The first moment m is a smoothed estimate of the gradient direction and magnitude — essentially momentum. It keeps the optimizer moving consistently even when individual mini-batch gradients are noisy. The second moment v tracks the scale of recent gradients for each parameter. Dividing by √v normalizes the update: parameters with large gradients get smaller steps, parameters with small gradients get larger steps. Together, m/√v gives you a direction and an appropriate scale.

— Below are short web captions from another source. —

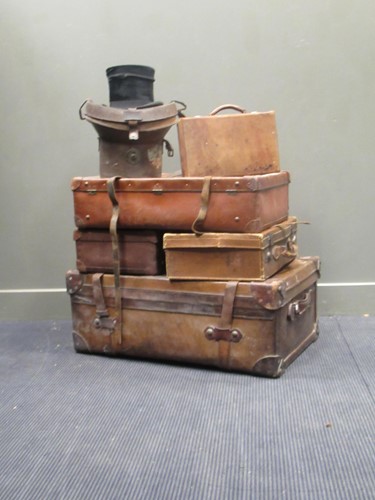 Lot 141 - A vintage leather trunk/case and four smaller...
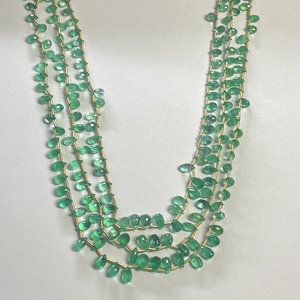 Perles de pierres précieuses en émeraude verte naturelle en forme de goutte de 4 mm et 6 mm, certifiées IGI, fabriquées à la main en Inde, création de bijoux - Product Image 2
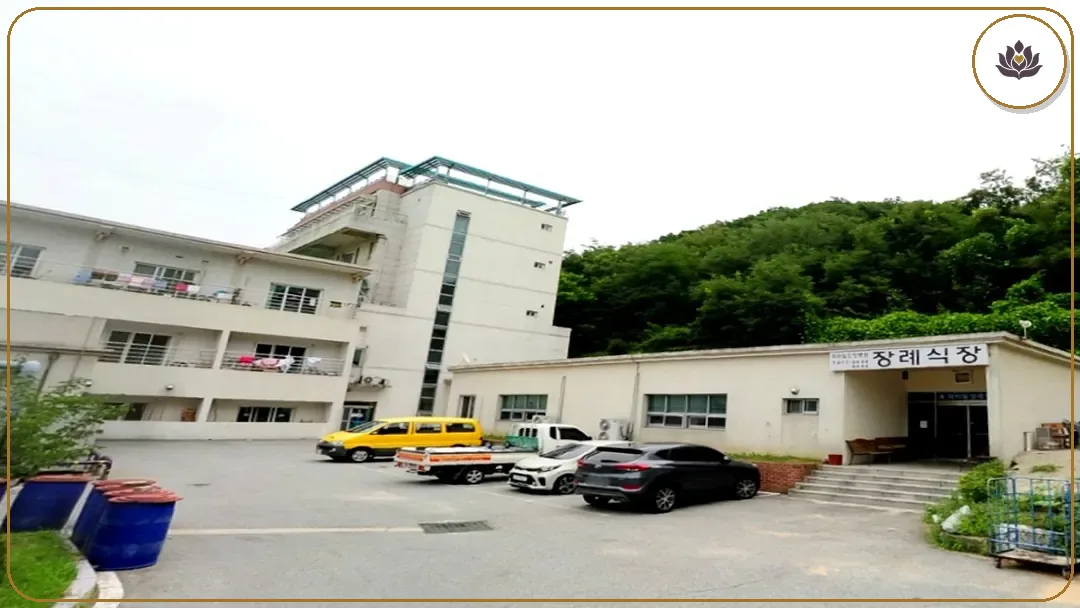 경기 안성시 파라밀장례식장 주변 컷
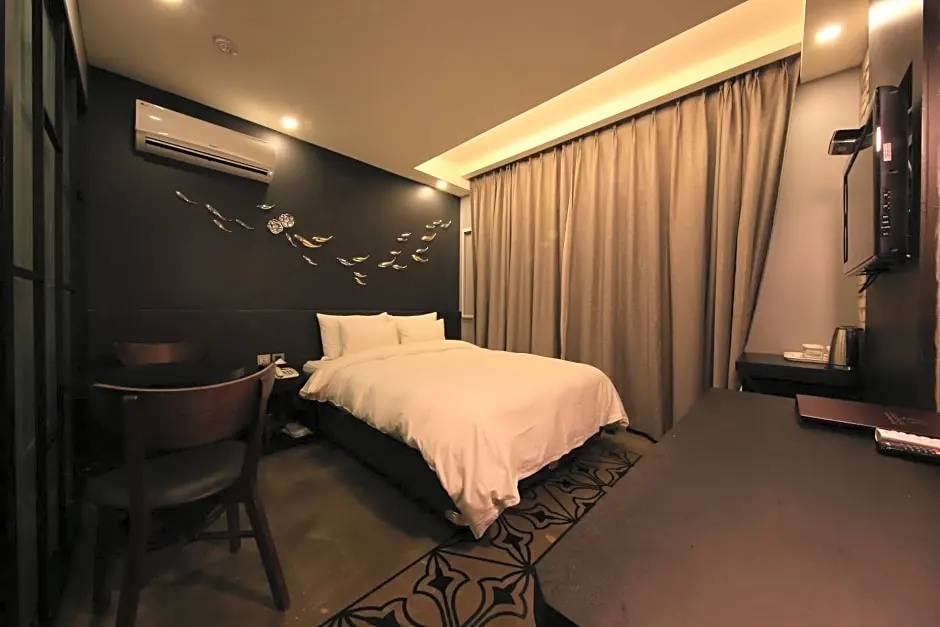 Economy room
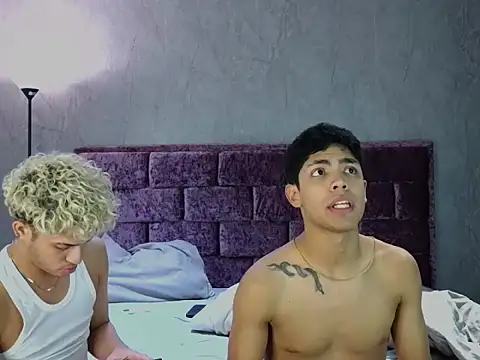 Wild_Squad Pertunjukan Webcam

The bias correction terms (dividing by 1 − β^t) are a subtle but important detail. At the start of training, m and v are initialized to zero. After the first step, m = (1 − β₁) · grad, which underestimates the true mean by a factor of about 10 (since β₁ = 0.9). The bias correction inflates the early estimates to account for the zero initialization. Without it, the first few updates are too small. By around step 10-20, the correction terms approach 1 and stop mattering.

Why does Adam work so well? It adapts the learning rate per-parameter (handling the different-scales problem), it has momentum (handling noise and saddle points), and the defaults are robust. For practitioners, this means less hyperparameter tuning than SGD with momentum, which is why Adam became the default for research projects where development speed matters.

import numpy as np

# Adam from scratch on f(x, y) = (x-3)^2 + 10*(y+2)^2
# The landscape is steep in y, shallow in x — different scales.
# Adam adapts the learning rate for each parameter independently.

def loss(params):
    x, y = params
    return (x - 3)**2 + 10 * (y + 2)**2

def grad(params):
    x, y = params
    return np.array([2*(x - 3), 20*(y + 2)])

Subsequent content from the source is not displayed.